- **WHAT THE TASK REQUIRES**:
Below are some records. Print exactly the lines between the one holding "Let's talk about" and the one holding "We're here with", inclusive, and nothing else.

- **EXTRACTED DATA**:
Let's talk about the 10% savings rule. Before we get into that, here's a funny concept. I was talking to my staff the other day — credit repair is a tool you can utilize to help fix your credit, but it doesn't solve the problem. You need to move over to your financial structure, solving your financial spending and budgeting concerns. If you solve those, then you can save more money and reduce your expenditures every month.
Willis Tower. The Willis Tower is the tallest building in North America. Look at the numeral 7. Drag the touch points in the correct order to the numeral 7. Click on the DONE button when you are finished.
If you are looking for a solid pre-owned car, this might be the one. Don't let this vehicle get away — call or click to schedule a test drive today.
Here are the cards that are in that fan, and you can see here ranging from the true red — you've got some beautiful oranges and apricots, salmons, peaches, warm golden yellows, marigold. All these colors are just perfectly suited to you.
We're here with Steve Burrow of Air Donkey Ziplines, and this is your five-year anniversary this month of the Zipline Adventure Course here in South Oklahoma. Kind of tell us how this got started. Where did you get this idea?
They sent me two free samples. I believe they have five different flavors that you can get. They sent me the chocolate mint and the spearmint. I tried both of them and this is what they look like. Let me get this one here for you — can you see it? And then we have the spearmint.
---
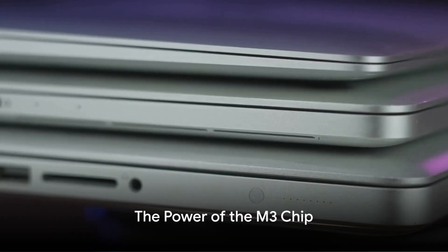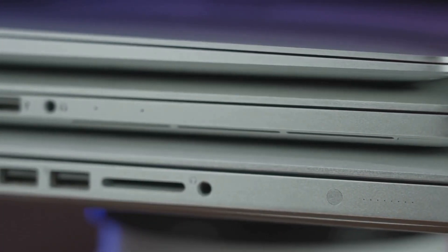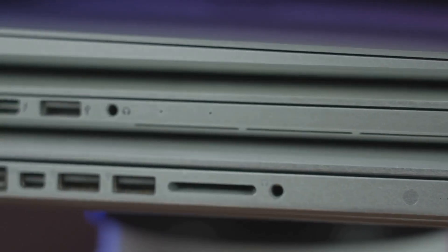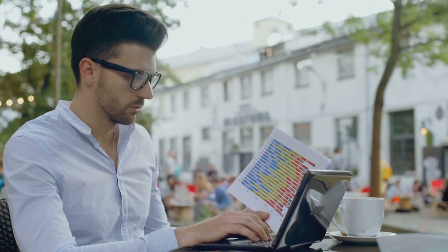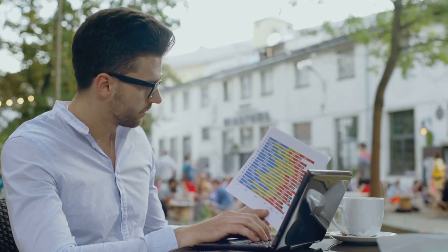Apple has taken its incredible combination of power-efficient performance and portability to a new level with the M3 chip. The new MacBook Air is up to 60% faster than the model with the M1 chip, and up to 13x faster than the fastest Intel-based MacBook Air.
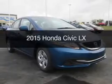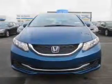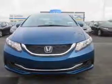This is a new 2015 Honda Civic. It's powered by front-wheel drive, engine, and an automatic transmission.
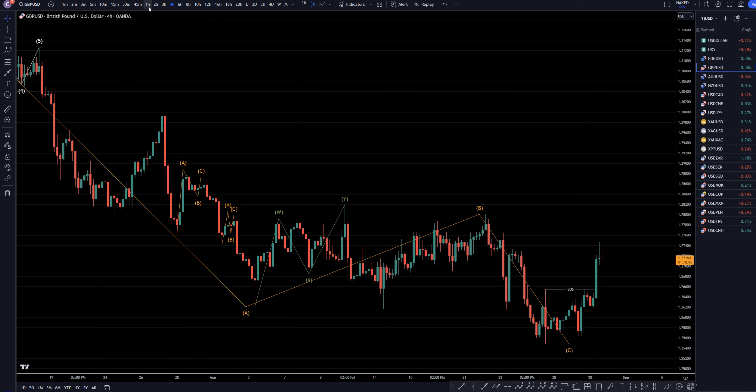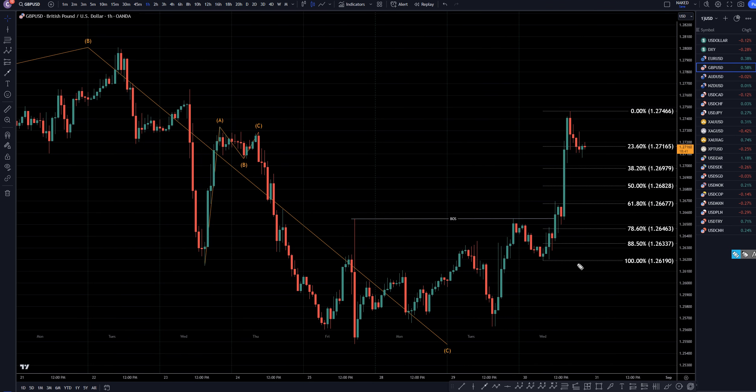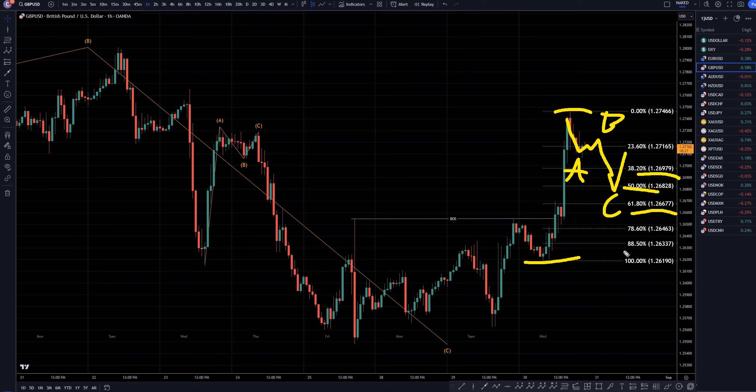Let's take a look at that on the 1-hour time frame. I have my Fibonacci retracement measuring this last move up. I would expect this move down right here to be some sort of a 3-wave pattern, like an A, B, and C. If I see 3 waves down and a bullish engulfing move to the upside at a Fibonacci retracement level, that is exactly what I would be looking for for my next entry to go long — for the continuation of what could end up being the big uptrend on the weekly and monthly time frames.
--
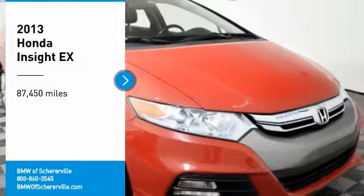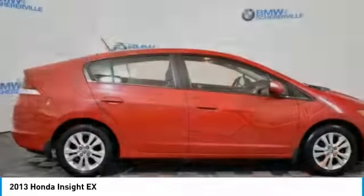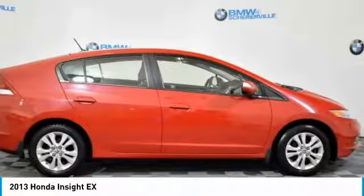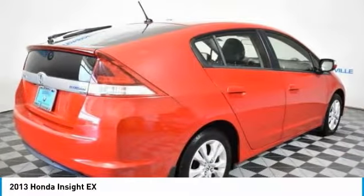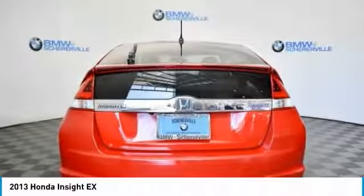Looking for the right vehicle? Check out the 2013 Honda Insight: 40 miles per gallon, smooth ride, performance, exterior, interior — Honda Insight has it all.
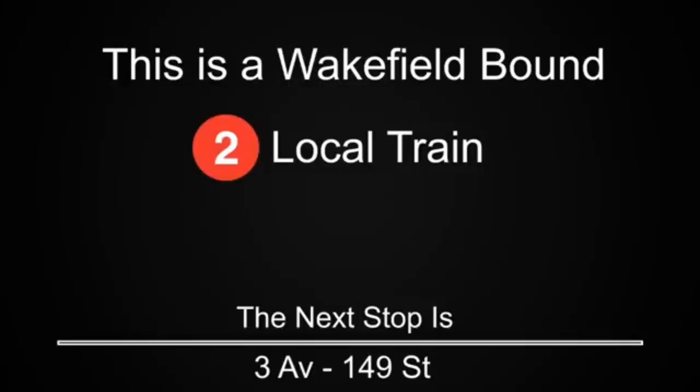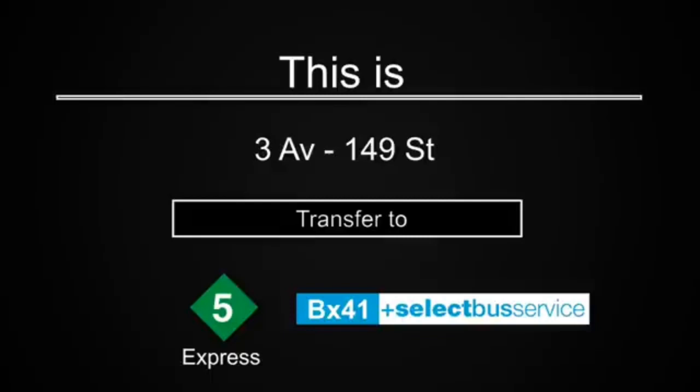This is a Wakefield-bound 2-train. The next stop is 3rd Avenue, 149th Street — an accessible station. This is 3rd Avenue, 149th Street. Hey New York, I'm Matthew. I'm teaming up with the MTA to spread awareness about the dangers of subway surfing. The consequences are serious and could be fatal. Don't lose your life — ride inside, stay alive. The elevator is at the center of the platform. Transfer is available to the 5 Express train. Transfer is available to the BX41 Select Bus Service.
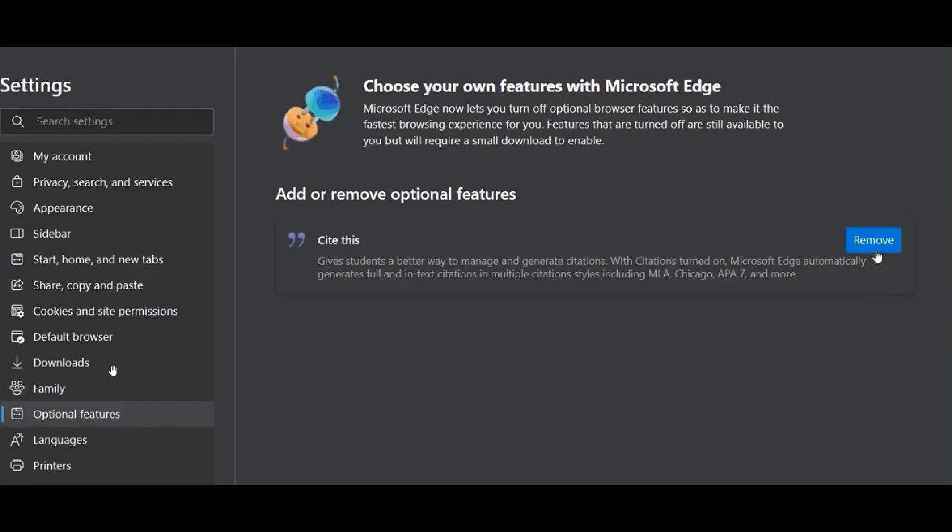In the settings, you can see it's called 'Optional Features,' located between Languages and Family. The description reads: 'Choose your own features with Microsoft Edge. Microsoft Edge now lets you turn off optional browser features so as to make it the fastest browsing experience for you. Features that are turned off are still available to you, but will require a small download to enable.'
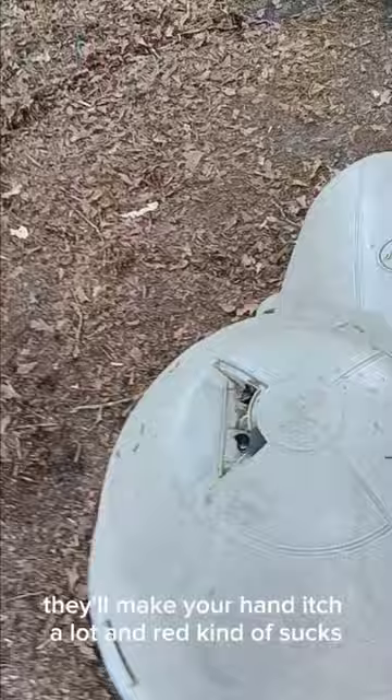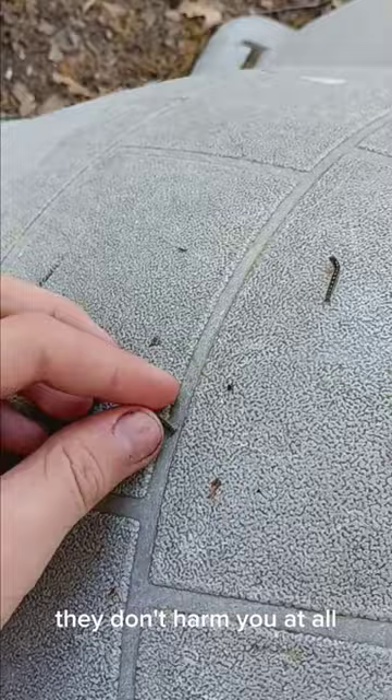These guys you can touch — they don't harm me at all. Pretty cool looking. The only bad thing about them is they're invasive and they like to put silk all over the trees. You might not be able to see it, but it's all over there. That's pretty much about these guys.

- **SOLUTION FOR THIS PROBLEM**:
Let's talk about the 10% savings rule. Before we get into that, here's a funny concept. I was talking to my staff the other day — credit repair is a tool you can utilize to help fix your credit, but it doesn't solve the problem. You need to move over to your financial structure, solving your financial spending and budgeting concerns. If you solve those, then you can save more money and reduce your expenditures every month.
Willis Tower. The Willis Tower is the tallest building in North America. Look at the numeral 7. Drag the touch points in the correct order to the numeral 7. Click on the DONE button when you are finished.
If you are looking for a solid pre-owned car, this might be the one. Don't let this vehicle get away — call or click to schedule a test drive today.
Here are the cards that are in that fan, and you can see here ranging from the true red — you've got some beautiful oranges and apricots, salmons, peaches, warm golden yellows, marigold. All these colors are just perfectly suited to you.
We're here with Steve Burrow of Air Donkey Ziplines, and this is your five-year anniversary this month of the Zipline Adventure Course here in South Oklahoma. Kind of tell us how this got started. Where did you get this idea?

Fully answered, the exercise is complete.